Recorded data Start Marker

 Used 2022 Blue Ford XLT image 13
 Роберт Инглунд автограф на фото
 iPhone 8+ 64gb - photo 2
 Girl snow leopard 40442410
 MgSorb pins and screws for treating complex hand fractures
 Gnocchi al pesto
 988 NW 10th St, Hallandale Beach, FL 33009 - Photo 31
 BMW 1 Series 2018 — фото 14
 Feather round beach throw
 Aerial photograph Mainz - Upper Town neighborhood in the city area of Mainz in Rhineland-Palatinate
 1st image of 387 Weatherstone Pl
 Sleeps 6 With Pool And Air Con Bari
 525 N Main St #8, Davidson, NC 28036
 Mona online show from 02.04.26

Recorded data End Marker

The lines from the one containing "1st image of 387 Weatherstone Pl" through the last line of the records are to be transcribed exactly, with nothing else added.

 1st image of 387 Weatherstone Pl
 Sleeps 6 With Pool And Air Con Bari
 525 N Main St #8, Davidson, NC 28036
 Mona online show from 02.04.26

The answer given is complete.